BusinessWeek magazine ran an article by Reena Jana about how technology for the disabled is being marketed more as mainstream innovations. Apple is one of the leaders in this space, and its products for people with disabilities are discussed at length, including its new iPhone voice control option and the not-so-new VoiceOver product, which is an essential read-out-loud “screen reader” for the blind and others who cannot physically control a computer or device. These innovations are now enhancing Apple’s iPod and iPhones, and giving it a competitive leg-up over other music players and smartphones. Two examples: motorists and exercisers love the hands-free options.
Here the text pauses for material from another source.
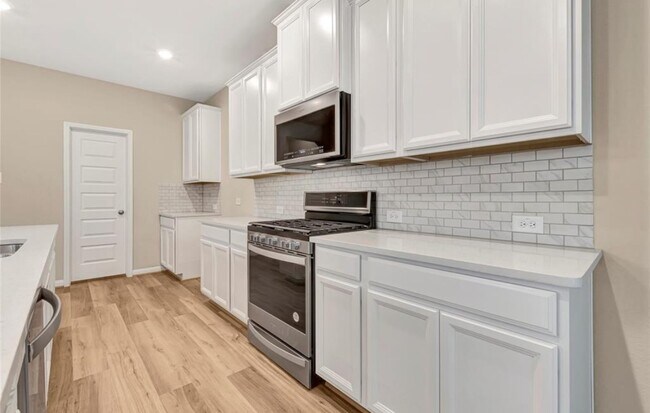 Building Photo - 16104 Oregon Oak Dr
“While VoiceOver helped broaden Apple’s reach to the blind, it also became a mini-engine for innovation within the company. ‘When we created the VoiceOver idea and concept for the Mac, we also realized we could take advantage of it by mainstreaming it,’ says Greg Joswiak, Apple’s vice-president for iPod and iPhone marketing.”
Since BusinessWeek tends to cover mostly Fortune 500 companies or rags-to-riches start-ups, there’s no mention of the dozens of other companies that are doing great things to make tech more mainstream for the disability community. One company, Serotek, which is run by its blind founder, Mike Calvo, makes a portable screen reader that can be accessed from any computer, anywhere in the world. Serotek also makes a program called Accessible Events that gives deaf and blind persons equal access to webinars and other Internet-based presentations.
BusinessWeek also gives a shout-out to Nuance Communications, which invented the engine used in Dragon Naturally Speaking, the voice recognition program used widely by people who cannot type. Nuance’s speech engine also powers Amazon’s Kindle — though a larger issue at hand is whether publishers — citing copyright laws — will continue to let people with print disabilities use the voice option without having to pay extra.
While the article briefly mentions Google’s attempt to caption YouTube videos — this technology isn’t really mainstream nor hugely beneficial to the deaf. The real problem is that captions for web TV and videos are still “optional” and not required by the FCC. A bill in Congress aims to bring captions to Internet-based TV programs, movies and videos for the deaf, as well as provide narrative descriptions for the blind. (Another related technology being tried out is Radio Captioning, which National Public Radio Labs demonstrated on the night of the 2008 presidential election.)
The last mention is toy maker Mattel, who is introducing a mind-controlled game. A player dons a hat with sensors and use their brain to control objects on a screen. This is indeed cool; I wish the article had also mentioned how critical this development could be for people with autism or ADD. Also, in the future mind control software can be used for many more electronic gadgets — think computers and wheelchairs!
Finally I’d like to give a nod to IBM, which is doing great things to make smart homes and smart cities. In Salerno, Italy, for example, IBM technology is enabling the blind to navigate streets, ‘read’ signage and access public resources. I don’t know about you, but I think even sighted folks — tourists — who aren’t familiar with small towns in Italy could find this useful.
Oh, an interesting slideshow accompanies the article. More than half of these products are listed and reviewed in my upcoming book, The Illustrated Guide to Assistive Technology. And the glide cycle is way cool.